New legislation aimed at boosting the local aviation sector was passed by the Legislative Assembly this month. The International Interests in Mobile Equipment (Cape Town Convention) Bill 2015; the Civil Aviation Authority (Amendment) Bill 2015; and the Bill of Sale (Amendment) Bill 2015 are intended to increase the international prestige of Cayman’s aviation sector and attract additional aircraft finance business to Cayman, the Financial Services Ministry said in a statement.
All of the bills were passed on April 17, and they are expected to be gazetted shortly.
Commerce Minister Wayne Panton said the new legislation seeks to strengthen Cayman’s international standing, in addition to boosting the aviation sector.
“Ultimately, these amendments speak to increasing our jurisdictional reputation, which is a key to all aspects of commerce,” he said. “Being current and compliant with all major global treaties assists our efforts to maintain Cayman’s place as a major international financial center.”
The International Interests in Mobile Equipment (Cape Town Convention) Bill 2015 will extend the Cape Town Convention to the Cayman Islands.

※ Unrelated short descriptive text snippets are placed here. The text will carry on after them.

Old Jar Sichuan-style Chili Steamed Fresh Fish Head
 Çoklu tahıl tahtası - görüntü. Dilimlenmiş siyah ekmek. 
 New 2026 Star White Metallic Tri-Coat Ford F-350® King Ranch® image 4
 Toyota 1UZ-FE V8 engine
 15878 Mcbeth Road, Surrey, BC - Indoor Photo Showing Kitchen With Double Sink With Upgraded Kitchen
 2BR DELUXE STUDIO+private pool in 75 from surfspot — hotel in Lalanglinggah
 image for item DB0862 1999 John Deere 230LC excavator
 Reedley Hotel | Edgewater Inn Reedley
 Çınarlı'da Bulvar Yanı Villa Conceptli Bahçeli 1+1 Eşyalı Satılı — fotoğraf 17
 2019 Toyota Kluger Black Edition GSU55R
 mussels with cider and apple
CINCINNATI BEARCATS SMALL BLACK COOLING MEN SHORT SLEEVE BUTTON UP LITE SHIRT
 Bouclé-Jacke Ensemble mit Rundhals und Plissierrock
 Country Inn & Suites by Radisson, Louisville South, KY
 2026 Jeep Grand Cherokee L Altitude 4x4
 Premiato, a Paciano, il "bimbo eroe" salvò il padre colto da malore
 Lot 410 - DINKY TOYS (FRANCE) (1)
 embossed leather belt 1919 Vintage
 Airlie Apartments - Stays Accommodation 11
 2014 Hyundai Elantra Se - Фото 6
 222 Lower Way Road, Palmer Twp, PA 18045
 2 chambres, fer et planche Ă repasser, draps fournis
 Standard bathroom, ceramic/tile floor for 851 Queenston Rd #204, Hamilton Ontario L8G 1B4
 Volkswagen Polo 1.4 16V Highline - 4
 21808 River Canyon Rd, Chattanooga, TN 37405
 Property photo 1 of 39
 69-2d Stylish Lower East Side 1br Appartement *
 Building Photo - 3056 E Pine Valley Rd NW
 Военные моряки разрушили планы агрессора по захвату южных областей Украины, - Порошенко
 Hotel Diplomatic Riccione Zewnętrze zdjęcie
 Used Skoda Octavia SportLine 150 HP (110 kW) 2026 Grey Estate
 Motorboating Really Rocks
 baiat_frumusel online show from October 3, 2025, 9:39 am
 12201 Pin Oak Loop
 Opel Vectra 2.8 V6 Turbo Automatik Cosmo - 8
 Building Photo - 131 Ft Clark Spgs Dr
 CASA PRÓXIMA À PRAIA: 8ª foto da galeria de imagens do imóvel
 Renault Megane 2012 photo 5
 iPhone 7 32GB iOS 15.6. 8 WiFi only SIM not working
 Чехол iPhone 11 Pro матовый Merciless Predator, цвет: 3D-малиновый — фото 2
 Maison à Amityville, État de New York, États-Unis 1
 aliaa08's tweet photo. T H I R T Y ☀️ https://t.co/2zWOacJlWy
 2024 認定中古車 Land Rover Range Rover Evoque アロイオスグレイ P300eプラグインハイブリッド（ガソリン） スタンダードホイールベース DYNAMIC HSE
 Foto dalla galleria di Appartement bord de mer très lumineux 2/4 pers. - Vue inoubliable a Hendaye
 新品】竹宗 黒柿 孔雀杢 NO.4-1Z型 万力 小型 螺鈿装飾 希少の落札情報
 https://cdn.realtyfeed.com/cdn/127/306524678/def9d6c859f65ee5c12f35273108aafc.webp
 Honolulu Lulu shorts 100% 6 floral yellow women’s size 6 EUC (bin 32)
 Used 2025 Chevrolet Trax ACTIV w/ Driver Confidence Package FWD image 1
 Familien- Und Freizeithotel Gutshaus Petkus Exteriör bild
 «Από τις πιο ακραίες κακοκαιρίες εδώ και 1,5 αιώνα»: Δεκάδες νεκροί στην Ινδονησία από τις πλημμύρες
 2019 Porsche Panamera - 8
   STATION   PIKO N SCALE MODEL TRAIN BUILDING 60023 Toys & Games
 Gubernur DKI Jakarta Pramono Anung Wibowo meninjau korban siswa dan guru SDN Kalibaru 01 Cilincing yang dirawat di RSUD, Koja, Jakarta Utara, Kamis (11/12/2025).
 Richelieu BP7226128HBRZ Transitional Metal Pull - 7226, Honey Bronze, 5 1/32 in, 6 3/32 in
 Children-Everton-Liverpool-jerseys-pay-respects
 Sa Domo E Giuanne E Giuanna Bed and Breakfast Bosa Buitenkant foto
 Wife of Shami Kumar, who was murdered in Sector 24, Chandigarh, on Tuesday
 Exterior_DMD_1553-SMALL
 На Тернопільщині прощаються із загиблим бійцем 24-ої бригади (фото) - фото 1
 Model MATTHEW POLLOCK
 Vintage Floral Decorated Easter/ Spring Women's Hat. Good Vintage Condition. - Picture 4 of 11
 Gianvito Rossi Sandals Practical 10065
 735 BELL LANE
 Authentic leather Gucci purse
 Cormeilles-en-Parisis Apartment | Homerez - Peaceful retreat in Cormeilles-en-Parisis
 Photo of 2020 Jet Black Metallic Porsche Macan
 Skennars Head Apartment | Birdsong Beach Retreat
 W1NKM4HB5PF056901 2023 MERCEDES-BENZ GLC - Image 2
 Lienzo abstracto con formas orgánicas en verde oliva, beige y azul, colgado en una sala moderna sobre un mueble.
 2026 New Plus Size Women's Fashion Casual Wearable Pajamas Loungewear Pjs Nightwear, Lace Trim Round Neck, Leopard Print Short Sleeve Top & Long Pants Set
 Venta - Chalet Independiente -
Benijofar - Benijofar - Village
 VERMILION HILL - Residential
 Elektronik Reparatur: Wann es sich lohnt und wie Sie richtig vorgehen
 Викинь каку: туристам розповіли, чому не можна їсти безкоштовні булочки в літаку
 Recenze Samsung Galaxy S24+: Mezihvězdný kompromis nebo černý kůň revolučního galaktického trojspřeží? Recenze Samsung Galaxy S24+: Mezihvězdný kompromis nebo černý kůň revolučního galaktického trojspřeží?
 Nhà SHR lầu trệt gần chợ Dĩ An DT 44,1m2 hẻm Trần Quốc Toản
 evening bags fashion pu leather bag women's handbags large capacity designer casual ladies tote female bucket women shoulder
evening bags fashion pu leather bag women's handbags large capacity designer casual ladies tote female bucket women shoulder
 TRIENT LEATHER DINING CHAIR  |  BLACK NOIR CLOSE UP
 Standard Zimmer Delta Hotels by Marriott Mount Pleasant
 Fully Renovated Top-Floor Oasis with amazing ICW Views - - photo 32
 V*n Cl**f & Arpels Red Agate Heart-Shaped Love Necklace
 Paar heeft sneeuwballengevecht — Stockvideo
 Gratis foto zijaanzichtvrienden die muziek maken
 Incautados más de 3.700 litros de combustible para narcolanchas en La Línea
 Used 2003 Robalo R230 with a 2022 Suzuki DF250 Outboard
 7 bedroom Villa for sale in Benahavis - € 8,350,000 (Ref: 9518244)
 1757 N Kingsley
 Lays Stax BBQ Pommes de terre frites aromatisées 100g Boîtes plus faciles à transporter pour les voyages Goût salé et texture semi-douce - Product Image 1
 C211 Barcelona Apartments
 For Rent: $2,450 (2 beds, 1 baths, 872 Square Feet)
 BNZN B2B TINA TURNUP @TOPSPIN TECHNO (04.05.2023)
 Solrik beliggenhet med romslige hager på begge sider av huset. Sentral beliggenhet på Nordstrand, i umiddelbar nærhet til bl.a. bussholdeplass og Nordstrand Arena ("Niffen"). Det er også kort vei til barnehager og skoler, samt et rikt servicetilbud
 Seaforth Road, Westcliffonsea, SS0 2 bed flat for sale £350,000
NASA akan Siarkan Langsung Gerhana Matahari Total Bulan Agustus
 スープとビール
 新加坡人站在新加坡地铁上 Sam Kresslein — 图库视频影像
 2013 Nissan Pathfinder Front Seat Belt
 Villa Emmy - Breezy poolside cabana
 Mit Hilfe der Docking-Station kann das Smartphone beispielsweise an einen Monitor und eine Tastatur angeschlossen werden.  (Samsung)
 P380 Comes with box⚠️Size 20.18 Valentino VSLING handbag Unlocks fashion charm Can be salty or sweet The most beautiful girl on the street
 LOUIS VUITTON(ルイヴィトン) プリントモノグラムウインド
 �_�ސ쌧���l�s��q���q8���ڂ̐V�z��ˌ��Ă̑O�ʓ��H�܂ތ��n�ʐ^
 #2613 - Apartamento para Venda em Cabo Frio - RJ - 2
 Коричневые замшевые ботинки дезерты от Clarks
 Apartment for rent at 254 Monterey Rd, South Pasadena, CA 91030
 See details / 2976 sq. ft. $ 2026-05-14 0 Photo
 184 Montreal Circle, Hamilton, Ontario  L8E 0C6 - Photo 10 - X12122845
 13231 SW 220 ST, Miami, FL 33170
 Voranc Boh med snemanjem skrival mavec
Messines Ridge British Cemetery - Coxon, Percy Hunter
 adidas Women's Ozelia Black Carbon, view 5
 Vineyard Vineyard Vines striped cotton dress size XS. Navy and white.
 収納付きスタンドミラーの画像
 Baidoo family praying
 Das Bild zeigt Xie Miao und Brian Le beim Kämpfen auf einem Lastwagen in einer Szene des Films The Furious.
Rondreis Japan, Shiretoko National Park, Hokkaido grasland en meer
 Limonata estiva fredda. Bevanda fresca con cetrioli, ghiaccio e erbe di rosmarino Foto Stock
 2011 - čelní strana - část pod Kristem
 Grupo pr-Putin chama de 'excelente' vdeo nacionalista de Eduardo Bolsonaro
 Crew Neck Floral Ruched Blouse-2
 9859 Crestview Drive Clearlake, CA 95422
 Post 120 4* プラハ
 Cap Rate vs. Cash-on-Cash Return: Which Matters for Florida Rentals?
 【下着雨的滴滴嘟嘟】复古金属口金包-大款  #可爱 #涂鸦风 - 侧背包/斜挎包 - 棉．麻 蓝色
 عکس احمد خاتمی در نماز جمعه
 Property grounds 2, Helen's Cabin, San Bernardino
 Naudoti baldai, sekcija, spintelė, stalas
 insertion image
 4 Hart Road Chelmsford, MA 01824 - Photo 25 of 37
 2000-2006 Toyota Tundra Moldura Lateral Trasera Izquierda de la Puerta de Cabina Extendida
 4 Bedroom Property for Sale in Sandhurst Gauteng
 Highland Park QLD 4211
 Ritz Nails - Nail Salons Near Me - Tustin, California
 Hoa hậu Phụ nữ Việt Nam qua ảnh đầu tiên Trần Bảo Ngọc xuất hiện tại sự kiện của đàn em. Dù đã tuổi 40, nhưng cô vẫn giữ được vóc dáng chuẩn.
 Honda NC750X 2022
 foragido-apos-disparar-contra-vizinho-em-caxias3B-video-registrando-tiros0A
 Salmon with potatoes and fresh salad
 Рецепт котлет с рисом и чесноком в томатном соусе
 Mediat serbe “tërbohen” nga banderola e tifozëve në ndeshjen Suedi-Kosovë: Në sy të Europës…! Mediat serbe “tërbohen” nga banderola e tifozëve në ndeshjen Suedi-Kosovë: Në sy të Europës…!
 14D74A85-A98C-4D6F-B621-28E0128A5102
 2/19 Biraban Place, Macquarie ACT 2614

The Cape Town Convention is an international treaty that aims to standardize transactions involving movable property, such as aircraft.
The convention creates a standardized international legal framework for the registration of international interests in aircraft and aircraft objects such as airframes and engines. It provides creditors who register an interest with a recognized set of rights in the event of a debtor’s default or insolvency and institutes a dispute resolution system.
Although the U.K. signed the convention as early as 2001, and it could have applied to Cayman by extension, the British government did not ratify the convention until 2014.
In 2009, Cayman enacted the Cape Town Convention Law, 2009, which was designed to mirror the provisions of the Cape Town Convention. However, the law did not achieve the desired result, as large financial institutions were put off by Cayman’s lack of international recognition as a contracting party to the Cape Town Convention.
Cayman Islands business vehicles were therefore unable to participate in certain aircraft finance transactions, which instead were conducted using business vehicles domiciled in competing jurisdictions that are a party to the Cape Town Convention, the ministry said.
The Civil Aviation Authority (Amendment) Bill 2015 adds the registration of aircraft mortgages as a function of the Civil Aviation Authority. The regulatory body deals with such registrations on a day-to-day basis. For historical reasons, this function is governed under a U.K. statutory instrument, but following consultation with the U.K., the Cayman Islands may enact local legislation in regard to the registration of aircraft mortgages, similar to the way it is handled in other overseas territories.
The other amendment introduced in connection with the Cape Town Convention is the Bill of Sale (Amendment) Bill 2015, which will make express reference to the Cape Town Convention and incorporate certain Cape Town Convention terms.